*** Begin section ***

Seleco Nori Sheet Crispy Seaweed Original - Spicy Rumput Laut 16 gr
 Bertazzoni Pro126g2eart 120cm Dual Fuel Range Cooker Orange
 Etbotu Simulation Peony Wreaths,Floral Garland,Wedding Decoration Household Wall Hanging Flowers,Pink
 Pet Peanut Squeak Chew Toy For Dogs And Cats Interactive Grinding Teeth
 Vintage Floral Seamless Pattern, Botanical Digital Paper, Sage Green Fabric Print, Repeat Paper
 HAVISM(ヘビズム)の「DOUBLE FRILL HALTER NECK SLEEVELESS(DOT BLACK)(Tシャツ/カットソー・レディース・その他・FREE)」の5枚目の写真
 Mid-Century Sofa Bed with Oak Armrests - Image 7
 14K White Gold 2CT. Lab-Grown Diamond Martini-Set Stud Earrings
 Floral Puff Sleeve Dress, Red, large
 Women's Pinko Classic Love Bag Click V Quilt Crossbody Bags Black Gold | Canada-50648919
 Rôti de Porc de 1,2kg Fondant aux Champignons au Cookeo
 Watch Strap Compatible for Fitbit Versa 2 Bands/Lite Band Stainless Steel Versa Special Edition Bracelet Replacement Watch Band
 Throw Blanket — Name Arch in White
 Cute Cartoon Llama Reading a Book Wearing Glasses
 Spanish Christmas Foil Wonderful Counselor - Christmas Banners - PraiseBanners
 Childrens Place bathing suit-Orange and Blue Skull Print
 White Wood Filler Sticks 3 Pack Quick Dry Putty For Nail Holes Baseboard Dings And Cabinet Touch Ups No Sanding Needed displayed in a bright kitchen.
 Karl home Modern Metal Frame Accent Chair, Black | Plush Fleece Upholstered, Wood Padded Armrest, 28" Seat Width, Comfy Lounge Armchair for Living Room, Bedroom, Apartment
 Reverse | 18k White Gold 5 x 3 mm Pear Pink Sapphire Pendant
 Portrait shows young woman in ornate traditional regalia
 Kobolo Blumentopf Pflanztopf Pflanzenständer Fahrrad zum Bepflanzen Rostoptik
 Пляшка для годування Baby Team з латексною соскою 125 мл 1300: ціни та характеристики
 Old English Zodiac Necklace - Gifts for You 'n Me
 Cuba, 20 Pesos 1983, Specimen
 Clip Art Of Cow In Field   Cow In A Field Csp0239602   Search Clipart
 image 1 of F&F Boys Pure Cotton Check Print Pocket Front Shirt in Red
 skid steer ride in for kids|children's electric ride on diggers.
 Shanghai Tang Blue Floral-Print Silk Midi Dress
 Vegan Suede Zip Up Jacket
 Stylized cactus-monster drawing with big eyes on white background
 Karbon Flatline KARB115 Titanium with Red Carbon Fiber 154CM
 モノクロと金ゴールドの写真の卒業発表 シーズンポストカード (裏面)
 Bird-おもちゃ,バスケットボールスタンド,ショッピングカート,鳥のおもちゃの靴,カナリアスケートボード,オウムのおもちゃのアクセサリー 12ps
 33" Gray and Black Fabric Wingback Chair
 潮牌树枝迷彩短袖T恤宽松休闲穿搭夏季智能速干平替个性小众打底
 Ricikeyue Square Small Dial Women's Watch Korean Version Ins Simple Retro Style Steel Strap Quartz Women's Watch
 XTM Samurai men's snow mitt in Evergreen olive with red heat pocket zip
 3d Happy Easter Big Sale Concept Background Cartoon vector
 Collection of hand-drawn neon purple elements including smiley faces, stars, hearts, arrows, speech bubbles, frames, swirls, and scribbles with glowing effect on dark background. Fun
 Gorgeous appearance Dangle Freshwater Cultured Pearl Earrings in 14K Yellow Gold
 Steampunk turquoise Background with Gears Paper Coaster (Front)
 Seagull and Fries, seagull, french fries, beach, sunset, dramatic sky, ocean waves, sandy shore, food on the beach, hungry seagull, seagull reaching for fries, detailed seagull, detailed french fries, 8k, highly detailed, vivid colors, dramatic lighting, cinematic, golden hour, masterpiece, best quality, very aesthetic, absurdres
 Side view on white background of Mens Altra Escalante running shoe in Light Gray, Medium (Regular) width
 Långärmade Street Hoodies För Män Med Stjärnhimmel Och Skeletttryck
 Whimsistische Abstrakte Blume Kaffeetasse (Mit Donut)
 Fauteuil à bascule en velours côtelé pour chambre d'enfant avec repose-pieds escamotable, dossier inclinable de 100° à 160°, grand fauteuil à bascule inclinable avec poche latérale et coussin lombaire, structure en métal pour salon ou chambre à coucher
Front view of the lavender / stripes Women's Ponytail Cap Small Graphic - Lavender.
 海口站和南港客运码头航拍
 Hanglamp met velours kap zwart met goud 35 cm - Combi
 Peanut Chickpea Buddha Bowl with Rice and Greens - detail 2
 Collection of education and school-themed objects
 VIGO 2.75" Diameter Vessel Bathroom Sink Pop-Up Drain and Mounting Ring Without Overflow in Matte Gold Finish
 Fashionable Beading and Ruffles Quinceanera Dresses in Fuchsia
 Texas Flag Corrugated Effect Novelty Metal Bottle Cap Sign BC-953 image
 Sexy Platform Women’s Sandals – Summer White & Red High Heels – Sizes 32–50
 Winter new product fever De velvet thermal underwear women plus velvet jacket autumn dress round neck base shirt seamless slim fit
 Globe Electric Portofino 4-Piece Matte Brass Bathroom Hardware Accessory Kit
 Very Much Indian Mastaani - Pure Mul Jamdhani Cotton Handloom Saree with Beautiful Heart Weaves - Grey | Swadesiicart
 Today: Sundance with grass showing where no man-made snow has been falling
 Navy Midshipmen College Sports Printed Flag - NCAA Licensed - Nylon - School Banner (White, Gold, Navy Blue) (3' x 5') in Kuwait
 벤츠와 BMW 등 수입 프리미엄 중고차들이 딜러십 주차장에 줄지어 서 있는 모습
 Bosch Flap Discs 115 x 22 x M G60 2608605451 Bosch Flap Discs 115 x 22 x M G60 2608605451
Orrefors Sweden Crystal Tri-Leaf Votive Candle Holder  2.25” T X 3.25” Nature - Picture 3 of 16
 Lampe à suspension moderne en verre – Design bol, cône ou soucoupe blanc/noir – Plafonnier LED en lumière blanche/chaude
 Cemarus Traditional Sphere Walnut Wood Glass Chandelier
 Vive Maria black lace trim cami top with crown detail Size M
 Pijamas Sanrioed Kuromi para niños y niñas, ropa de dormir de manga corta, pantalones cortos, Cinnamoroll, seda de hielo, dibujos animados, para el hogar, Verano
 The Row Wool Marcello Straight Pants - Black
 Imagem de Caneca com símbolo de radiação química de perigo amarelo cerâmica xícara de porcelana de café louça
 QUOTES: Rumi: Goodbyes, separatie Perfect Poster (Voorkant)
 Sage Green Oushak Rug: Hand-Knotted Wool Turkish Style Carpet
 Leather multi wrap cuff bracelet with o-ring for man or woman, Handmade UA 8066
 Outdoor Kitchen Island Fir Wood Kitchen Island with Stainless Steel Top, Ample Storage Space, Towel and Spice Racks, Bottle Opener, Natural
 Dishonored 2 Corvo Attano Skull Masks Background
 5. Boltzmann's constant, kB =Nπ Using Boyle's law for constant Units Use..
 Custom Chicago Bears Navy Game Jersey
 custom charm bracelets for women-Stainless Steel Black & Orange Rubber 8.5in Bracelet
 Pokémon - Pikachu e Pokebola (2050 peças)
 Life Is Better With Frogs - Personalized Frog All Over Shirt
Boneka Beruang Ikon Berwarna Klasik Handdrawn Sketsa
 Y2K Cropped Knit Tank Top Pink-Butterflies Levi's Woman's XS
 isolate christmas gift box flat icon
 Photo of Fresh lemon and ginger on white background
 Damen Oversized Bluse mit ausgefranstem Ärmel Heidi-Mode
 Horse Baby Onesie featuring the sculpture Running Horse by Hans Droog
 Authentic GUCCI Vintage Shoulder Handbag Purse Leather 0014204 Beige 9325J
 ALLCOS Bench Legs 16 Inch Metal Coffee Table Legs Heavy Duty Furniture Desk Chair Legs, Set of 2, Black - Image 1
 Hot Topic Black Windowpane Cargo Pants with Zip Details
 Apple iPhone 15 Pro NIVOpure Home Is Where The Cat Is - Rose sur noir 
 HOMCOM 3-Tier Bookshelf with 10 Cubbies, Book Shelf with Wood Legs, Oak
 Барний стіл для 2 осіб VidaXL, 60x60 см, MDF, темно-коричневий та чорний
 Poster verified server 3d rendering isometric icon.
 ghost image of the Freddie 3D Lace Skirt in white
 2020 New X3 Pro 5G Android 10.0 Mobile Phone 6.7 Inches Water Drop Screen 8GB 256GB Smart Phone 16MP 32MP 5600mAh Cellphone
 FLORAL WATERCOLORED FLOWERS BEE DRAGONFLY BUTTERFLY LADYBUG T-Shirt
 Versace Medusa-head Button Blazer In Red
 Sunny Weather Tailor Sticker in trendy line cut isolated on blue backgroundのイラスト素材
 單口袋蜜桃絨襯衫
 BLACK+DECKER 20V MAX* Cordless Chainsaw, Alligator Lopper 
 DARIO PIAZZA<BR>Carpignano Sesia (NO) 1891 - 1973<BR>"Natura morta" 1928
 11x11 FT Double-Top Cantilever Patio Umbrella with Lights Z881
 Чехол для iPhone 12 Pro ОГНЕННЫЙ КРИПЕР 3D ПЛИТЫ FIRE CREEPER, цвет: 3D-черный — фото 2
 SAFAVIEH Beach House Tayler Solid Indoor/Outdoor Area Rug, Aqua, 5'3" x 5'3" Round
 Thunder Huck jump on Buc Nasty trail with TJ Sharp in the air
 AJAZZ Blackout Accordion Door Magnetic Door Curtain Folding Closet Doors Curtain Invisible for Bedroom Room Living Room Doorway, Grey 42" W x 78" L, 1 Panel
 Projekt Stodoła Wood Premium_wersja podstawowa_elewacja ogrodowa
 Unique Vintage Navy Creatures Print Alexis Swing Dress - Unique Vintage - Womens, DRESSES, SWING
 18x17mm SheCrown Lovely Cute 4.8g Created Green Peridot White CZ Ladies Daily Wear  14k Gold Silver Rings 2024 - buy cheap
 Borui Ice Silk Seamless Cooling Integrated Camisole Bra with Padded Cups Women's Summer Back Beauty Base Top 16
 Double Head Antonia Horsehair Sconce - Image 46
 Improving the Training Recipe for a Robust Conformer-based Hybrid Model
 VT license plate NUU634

*** End section ***

Up to and including the last line of the material, reproduce every line exactly, beginning with the one that contains "BLACK+DECKER 20V MAX*" and adding nothing else.

Result below:
 BLACK+DECKER 20V MAX* Cordless Chainsaw, Alligator Lopper 
 DARIO PIAZZA<BR>Carpignano Sesia (NO) 1891 - 1973<BR>"Natura morta" 1928
 11x11 FT Double-Top Cantilever Patio Umbrella with Lights Z881
 Чехол для iPhone 12 Pro ОГНЕННЫЙ КРИПЕР 3D ПЛИТЫ FIRE CREEPER, цвет: 3D-черный — фото 2
 SAFAVIEH Beach House Tayler Solid Indoor/Outdoor Area Rug, Aqua, 5'3" x 5'3" Round
 Thunder Huck jump on Buc Nasty trail with TJ Sharp in the air
 AJAZZ Blackout Accordion Door Magnetic Door Curtain Folding Closet Doors Curtain Invisible for Bedroom Room Living Room Doorway, Grey 42" W x 78" L, 1 Panel
 Projekt Stodoła Wood Premium_wersja podstawowa_elewacja ogrodowa
 Unique Vintage Navy Creatures Print Alexis Swing Dress - Unique Vintage - Womens, DRESSES, SWING
 18x17mm SheCrown Lovely Cute 4.8g Created Green Peridot White CZ Ladies Daily Wear  14k Gold Silver Rings 2024 - buy cheap
 Borui Ice Silk Seamless Cooling Integrated Camisole Bra with Padded Cups Women's Summer Back Beauty Base Top 16
 Double Head Antonia Horsehair Sconce - Image 46
 Improving the Training Recipe for a Robust Conformer-based Hybrid Model
 VT license plate NUU634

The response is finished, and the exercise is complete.